To admit that the infliction of punishment for violations of rules is radically imprecise is not to admit that the proper amount cannot be decided upon. It is only to admit that it cannot be decided by further moral rules. So, if we say that meting out justice is totally a matter of following rules, application of punishment is not exactly meting out justice.
What justifies inflicting harm because a moral law has been violated? The moral law which has been violated provides the fundamental justification for inflicting harm because of its violation. For, on my theory, part of the moral law specifies that harm ought to result from its violation. Further moral thought is needed to decide who ought to inflict the harm, on whom ought it be inflicted and how much harm ought to be inflicted. But what is this further moral thought? Ultimately, it is not finding more rules.
Answering the questions about who inflicts punishment and on whom to inflict it is for social and political philosophy. Over the centuries many with the competence have confronted these questions. For simplicity, I consider cases where it has been morally decided that there is a group authorized to inflict the harm, it has been decided that the harm ought to be inflicted on the violators of the law ought and somehow the harm ought to “fit the crime.” To say that an infliction of harm fits the violation is really only to say that the harm is the proper retribution. I do not think that we have ever adequately decided what it is for a punishment to fit the crime.
I propose that the only moral justification for punishment is retribution. The other rationalizations for inflicting harm on violators are morally justified only in so far as they are part of retribution. Consider the others.
1. A violator may be restrained for many years to prevent him from committing more violations. However, the pain of the number of years of restrain ought to be neither more nor less than the harm which ought to follow upon violation of the law.

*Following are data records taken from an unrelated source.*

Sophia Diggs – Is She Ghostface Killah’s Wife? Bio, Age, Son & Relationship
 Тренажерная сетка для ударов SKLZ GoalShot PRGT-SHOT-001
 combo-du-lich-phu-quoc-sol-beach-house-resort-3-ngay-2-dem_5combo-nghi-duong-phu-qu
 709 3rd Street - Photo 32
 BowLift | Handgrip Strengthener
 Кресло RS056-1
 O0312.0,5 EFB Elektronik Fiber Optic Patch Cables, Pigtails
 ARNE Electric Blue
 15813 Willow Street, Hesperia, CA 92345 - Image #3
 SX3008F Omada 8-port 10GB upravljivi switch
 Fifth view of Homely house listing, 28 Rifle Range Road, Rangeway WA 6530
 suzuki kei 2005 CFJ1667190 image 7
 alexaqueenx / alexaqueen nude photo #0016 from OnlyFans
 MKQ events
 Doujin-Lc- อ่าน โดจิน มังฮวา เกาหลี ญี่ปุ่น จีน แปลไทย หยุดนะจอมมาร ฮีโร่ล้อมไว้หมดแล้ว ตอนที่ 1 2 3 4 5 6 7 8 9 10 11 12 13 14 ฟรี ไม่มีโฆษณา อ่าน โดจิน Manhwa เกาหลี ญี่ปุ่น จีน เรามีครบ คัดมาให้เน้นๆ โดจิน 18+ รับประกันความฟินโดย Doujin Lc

2. Pain, whipping, imprisonment, putting in stocks, etc., may be inflicted upon a violator to deter others from violating the law. Again, however, the pain to deter others and the violator from future violations ought be neither more nor less than the harm that morality requires for its violation.
3. The group authorized to punish may require a violator to make restitution for goods stolen, or more generally restoration for a condition destroyed by the violation. Making restitution and restoration are painful in so far as they require effort or loss of violator’s property. Now the requirement to make restitution or restoration are not punishment. So, restoration is not a justification for punishment. However, the authorities many consider whether the pain of restoration is some, or even all, of the, harm required by the violation.
So the moral way to mete out punishment is to aim at having the violator suffer the right retribution which as just noted, may involve attaining other goals. But moral laws do not tell us what is the right retribution. So, in meting out punishment we must recognize in moral thinking a type of moral thought different from following rules. I call this Aristotelian virtue thinking because the goal is to reach a mean: not too little and not too much harm. Punishing requires Aristotelian virtue thinking. Wise judges have the virtue of discerning what is the proper amount of punishment. Judges who are too lenient or too harsh have a vice.
Now as noted above, having the virtue of meting out proper punishments is not simply a matter of justice. I suggest that we have a moral imperative to show mercy. This mercy imperative authorizes modifying thought about “what is due” when finding the punishment which is neither too much nor too little.
With introduction of “mercy” into a discussion of the network of concepts in our ways of thinking morally about punishment, this post threatens to become a treatise on punishment. So, I stop here and repeat my goal for writing this post.
My goal has been to show that my notion of moral harm makes sense of the notion of retribution and the notion of retribution is essential for making sense of punishment although it does not specify what the punishment ought to be.